Als in Grimma das Gewerbe blühte

Die Industrie- und Gewerbeausstellung 1908

Vorbereitungen

Als das 50-jährige Jubiläum des Gewerbevereins bevorstand, regte der Goldschmiedemeister Noack, welcher seit geraumer Zeit erneut den Vorsitz innehatte, wieder eine Ausstellung an. Im Mai 1907 führte man daher eine Befragung unter den hiesigen Gewerbetreibenden durch, welche eine positive Resonanz fand. Auf einer Versammlung im Juni, an der sich nur 34 von etwa 180 Mitgliedern beteiligten, stimmten 32 für eine Ausstellung beim Schützenhaus. Somit war der Weg für die 2. Gewerbeausstellung in Grimma frei, zumal diesmal der behördliche Segen durch die Ehrenvorsitze von Bürgermeister Lobeck und Amtshauptmann Hänichen gesichert war. Allerdings sollte die Platzfrage wieder zur Zerreißprobe werden. Schon im Juli kam es zum großen Paukenschlag, als auf einer Versammlung neben dem vom Gewerbevereinsvorstand favorisierten Schützenhausplatz plötzlich noch drei andere potentielle Veranstaltungsorte zur Diskussion gebracht wurden. Vor allem die zahlreichen Vereinsmitglieder, welche gleichzeitig im Schützenverein tätig waren brachten den Schützenhof ins Spiel, der dem Schützenverein gehörte und mit welchem sich die Schützengilde finanziell übernommen hatte. Nun erhoffte man sich einen Imagegewinn und plante, die erforderliche Ausstellungshalle später als neue Schießhalle günstig erwerben zu können. Neben den beiden Favoriten waren aber auch noch der Tops mit Schwanenteichanlagen und der Exerzierplatz bei der Roten Schule als Ausstellungsgelände im Gespräch. Alle in Betracht kommenden Grundstücke hatten ihre Vor- und Nachteile. Für das Schützenhaus sprachen ein ausreichend großes Gelände, die Nähe zur Innenstadt und zum Schlachthof, dessen Elektrizitätswerk man benötigte. Auch der Schützenhof mit Festwiese bot genügend Platz und war, im Gegensatz zum Schützenhaus, hochwassersicher. Allerdings war er relativ weit von der Stadt entfernt und die sandigen Böden eigneten sich nicht für die geplanten gärtnerischen Anlagen. Der Exerzierplatz an der Roten Schule bot ebenfalls ausreichend Platz, war aber kaum erschlossen und lag etwas weit vom Zentrum entfernt. Das Gelände am Tops wurde mit seinen etwa 6000m2 von den meisten Mitgliedern schlicht als zu klein empfunden.
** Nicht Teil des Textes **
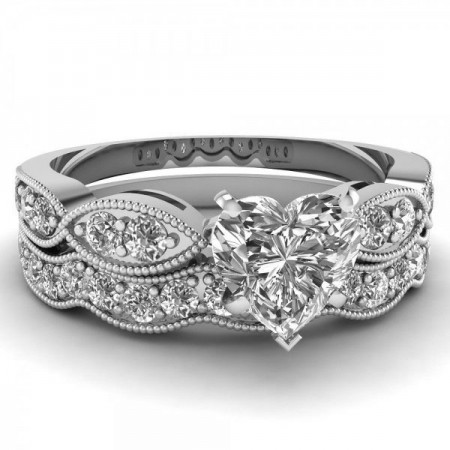 Shiny 925 Silver White Sapphire Exquisite Bridal Marriage Engagement Ring Set Shiny 925 Silver White Sapphire Exquisite Bridal Marriage Engagement Ring Set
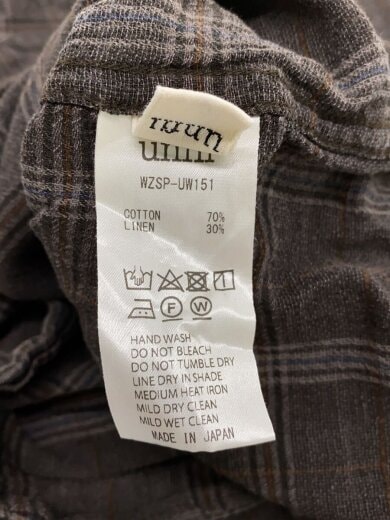 商品画像：長袖シャツ/0/コットン/BRW/チェック/WZSP-UW151 5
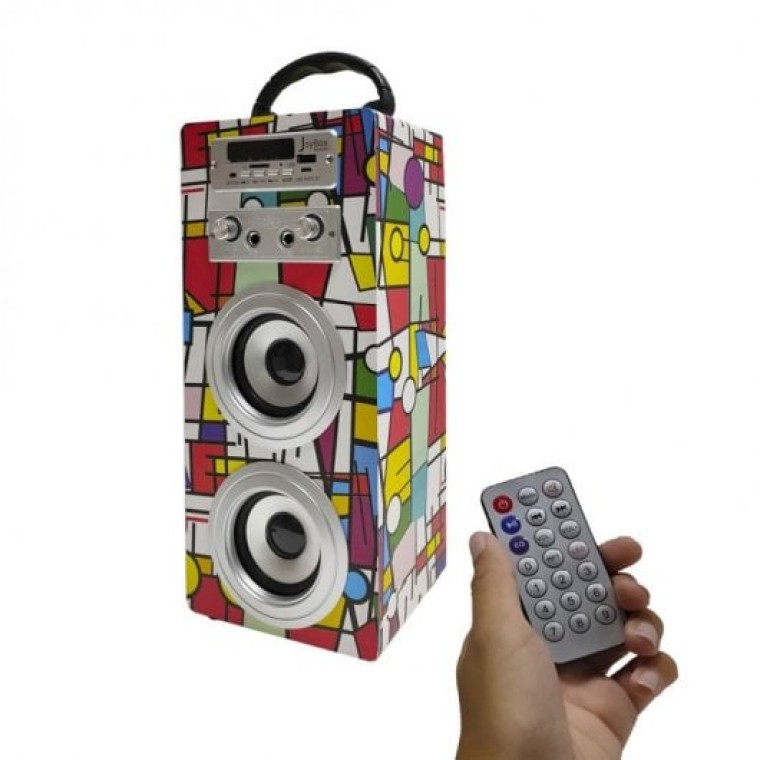 Biwond JoyBox Altavoz Karaoke Bluetooth 10W Picasso + Micrófono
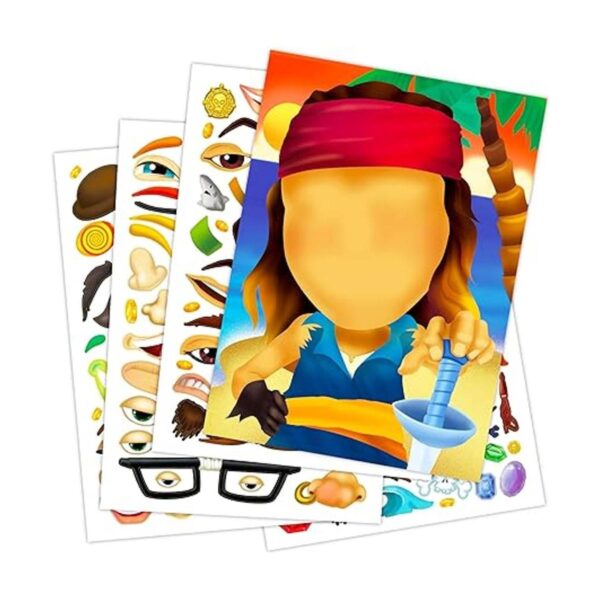 Make a Face Libros de calcomanías para niños pequeños_4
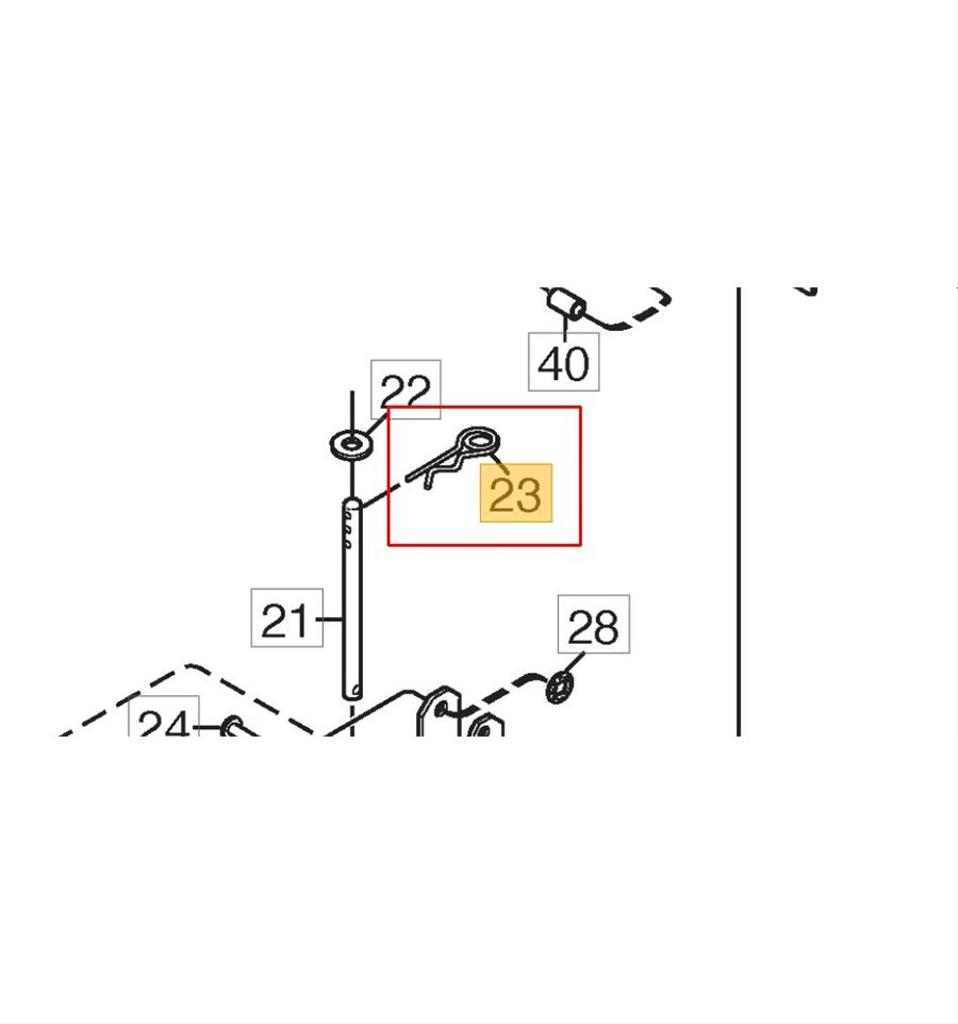 Låssprint Stiga klippaggregat Combi 85, 95, 105,  m.fl. 9598-2001-02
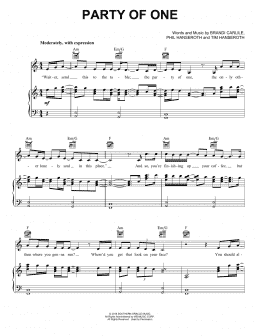page one of Party Of One (feat. Sam Smith) (Piano, Vocal & Guitar Chords (Right-Hand Melody))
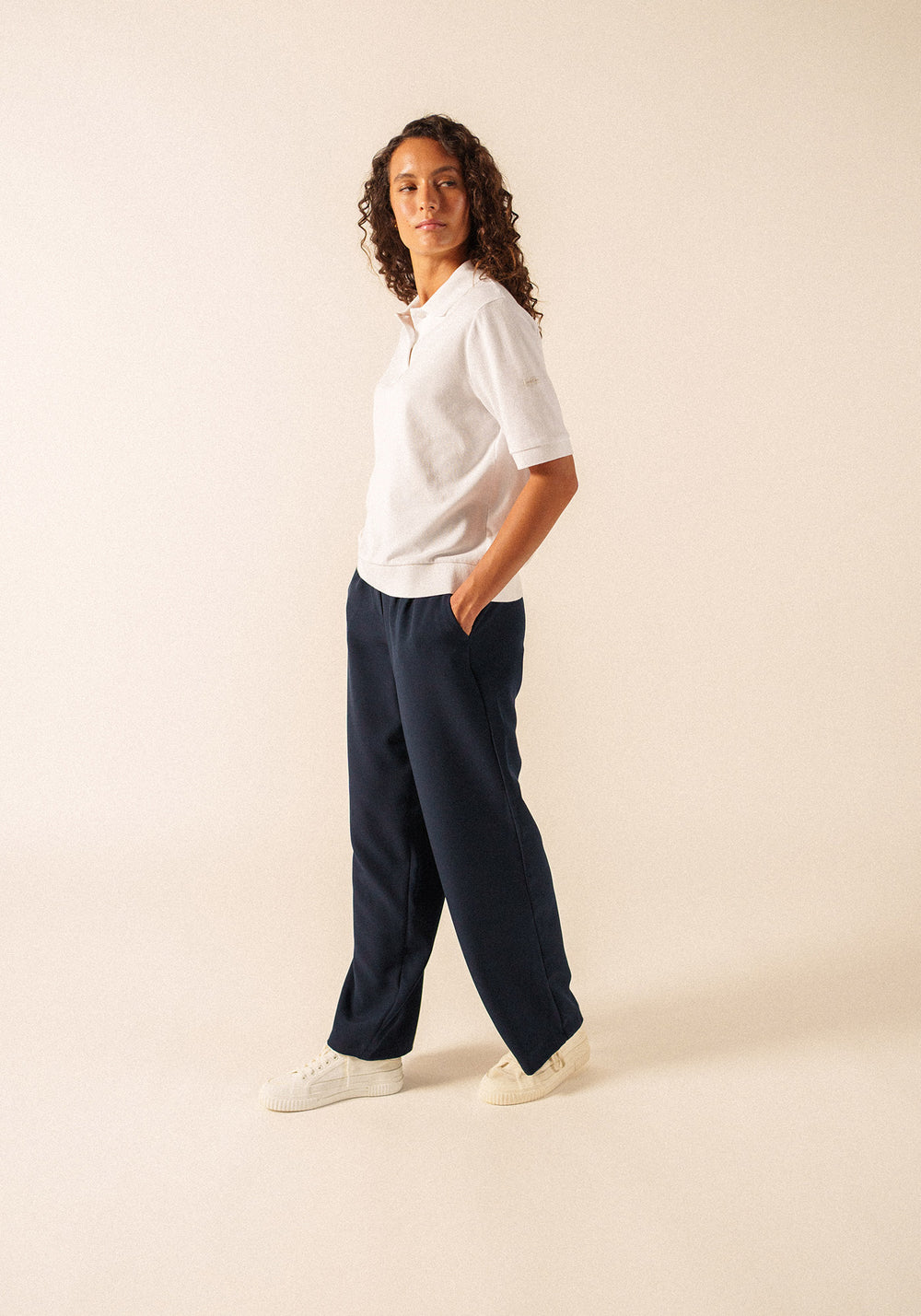 Carola Polo Shirt (BLANC)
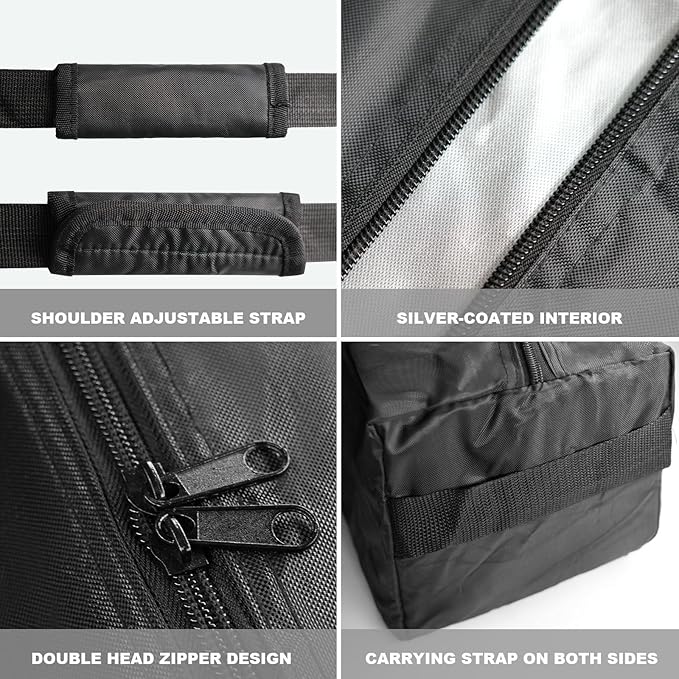 67 Inch Waterproof Umbrella Storage Bag for Outdoor Beach Umbrella bag, Oversized Hammock and Steel Stand With Handles and Zippers,Tent Pole Bag,Travel Sports Equipment Bag,Black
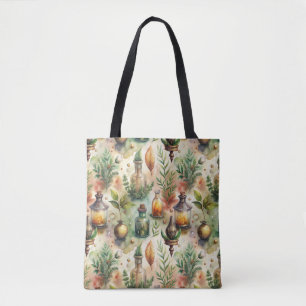 Vintage Apothecary Bottles Pattern (1) Tote Bag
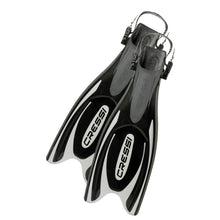 Load image into Gallery viewer, Cressi Frog Plus Fin Silver open heel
Nach einer hitzig geführten Debatte befürworteten in einer geheimen Abstimmung von 85 anwesenden Mitgliedern 42 den Schützenhof und nur 35 das Schützenhaus. Während der Vorstand enttäuscht war, dass die Fraktion der Schützen ihr Interesse über das des Gewerbevereins stellte, fühlten sich letztere in ihrer Meinung bestätigt und beharrten in der Folge auf dem Abstimmungsergebnis.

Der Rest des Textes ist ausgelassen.